It was, I believe, around the end of August 1984 when I learned that a number of my McDonald’s colleagues were going to Birmingham to see Depeche Mode play at the Odeon cinema there. I decided that I had to go along, too.
In truth, I am pretty sure that they didn’t deliberately plan the trip without me. I had taken several weeks off that summer to study for my O levels and the tickets were probably booked then. But, in a rare, show of initiative, I decided that this didn’t mean that I couldn’t go, too.
In those pre-internet days, the easiest way to get a concert ticket was to go to the venue and pay for it. So, when I had a day off, I took a train to Birmingham, walked to the Odeon, and astounded the guy in the ticket office by turning down a seat front and centre of the cinema in favour of one in the row in front of my friends. Having only been to one concert before, I wasn’t brave enough to sit entirely on my own.
All that then remained was to wait until the event was mentioned, announce that by happy coincidence, I too had a ticket for that show. I am not sure that I fooled anyone, but to their credit they allowed me to tag along with them.
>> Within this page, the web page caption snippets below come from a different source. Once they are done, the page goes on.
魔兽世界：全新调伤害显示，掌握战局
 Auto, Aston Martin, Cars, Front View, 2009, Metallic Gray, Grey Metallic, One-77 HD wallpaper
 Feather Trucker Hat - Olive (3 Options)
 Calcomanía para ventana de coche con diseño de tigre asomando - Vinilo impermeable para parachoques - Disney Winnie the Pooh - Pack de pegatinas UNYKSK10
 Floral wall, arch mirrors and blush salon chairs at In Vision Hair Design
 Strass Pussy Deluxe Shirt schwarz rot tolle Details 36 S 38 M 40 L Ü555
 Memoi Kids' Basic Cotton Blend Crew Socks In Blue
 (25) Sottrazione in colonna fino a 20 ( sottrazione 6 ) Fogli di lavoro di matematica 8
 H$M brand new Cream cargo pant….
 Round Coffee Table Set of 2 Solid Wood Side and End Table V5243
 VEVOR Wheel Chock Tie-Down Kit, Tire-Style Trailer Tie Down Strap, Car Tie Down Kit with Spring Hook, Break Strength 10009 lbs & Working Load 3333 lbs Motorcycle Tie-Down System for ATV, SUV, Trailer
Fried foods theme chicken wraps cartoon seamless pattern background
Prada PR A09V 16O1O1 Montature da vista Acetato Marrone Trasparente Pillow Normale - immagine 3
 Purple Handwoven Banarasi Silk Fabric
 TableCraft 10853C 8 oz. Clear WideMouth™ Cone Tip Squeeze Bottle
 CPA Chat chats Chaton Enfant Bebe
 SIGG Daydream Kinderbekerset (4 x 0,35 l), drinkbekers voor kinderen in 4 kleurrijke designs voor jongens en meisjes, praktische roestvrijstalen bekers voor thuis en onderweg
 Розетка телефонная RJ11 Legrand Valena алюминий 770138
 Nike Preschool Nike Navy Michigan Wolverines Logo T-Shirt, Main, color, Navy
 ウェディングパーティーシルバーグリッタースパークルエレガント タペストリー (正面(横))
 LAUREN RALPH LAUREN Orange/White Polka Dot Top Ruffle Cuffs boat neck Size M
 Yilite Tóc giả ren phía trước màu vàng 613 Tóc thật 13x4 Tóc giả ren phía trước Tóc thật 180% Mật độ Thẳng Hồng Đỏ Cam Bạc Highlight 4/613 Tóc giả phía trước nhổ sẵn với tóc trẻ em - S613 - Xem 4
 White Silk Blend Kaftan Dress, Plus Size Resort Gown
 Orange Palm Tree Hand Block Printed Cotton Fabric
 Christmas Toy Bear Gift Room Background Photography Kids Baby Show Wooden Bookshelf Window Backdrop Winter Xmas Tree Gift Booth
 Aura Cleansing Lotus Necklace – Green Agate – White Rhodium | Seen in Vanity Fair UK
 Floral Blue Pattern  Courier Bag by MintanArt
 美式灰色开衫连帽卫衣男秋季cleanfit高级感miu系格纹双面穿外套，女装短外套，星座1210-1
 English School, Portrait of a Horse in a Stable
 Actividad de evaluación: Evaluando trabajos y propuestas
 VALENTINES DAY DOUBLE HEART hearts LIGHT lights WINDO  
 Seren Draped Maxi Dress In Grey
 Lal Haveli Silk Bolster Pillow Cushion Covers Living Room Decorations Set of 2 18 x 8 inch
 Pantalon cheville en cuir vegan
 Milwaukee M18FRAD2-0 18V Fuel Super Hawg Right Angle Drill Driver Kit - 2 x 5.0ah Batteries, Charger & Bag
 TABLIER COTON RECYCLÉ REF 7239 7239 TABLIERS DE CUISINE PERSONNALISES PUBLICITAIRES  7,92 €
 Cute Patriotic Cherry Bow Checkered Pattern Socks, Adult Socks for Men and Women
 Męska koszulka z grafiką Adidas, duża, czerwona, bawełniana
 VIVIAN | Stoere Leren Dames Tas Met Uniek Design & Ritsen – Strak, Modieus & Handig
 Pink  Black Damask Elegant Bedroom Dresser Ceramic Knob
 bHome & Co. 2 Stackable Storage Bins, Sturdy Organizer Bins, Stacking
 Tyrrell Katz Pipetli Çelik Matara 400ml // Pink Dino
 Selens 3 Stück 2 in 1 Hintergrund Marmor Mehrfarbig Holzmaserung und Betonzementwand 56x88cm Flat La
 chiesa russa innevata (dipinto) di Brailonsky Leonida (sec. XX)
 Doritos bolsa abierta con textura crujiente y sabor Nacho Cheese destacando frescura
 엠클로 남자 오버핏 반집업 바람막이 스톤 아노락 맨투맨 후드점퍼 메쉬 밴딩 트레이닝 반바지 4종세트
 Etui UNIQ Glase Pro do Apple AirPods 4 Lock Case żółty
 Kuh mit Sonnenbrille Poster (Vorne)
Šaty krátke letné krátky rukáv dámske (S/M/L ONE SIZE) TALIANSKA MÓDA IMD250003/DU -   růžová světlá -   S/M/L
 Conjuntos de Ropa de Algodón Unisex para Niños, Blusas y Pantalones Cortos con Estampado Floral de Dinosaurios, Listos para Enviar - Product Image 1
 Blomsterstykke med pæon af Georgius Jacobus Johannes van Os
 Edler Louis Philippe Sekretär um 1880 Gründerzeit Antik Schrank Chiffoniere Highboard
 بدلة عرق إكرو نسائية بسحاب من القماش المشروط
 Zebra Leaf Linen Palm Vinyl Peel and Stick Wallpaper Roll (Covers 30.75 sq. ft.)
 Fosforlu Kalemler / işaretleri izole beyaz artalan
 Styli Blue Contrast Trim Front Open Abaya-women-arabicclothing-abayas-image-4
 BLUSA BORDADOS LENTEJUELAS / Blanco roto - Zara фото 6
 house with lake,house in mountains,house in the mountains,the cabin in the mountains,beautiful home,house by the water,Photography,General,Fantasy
And it was a wonderful show. I remember well the projected stained glass windows during ‘Blasphemous Rumours’, the runway down which the boyish Dave Gahan paraded from back to front of the stage, and Martin Gore singing ‘Somebody’ under a cold, stark, spotlight. But I also remember the excitement of the journey there, the buzz of the journey home, and the fact that the people I was with hardly seemed to stop talking and teasing me about what they saw as a burgeoning relationship between me and a female colleague. A subject upon which it turned out they knew far more than I did.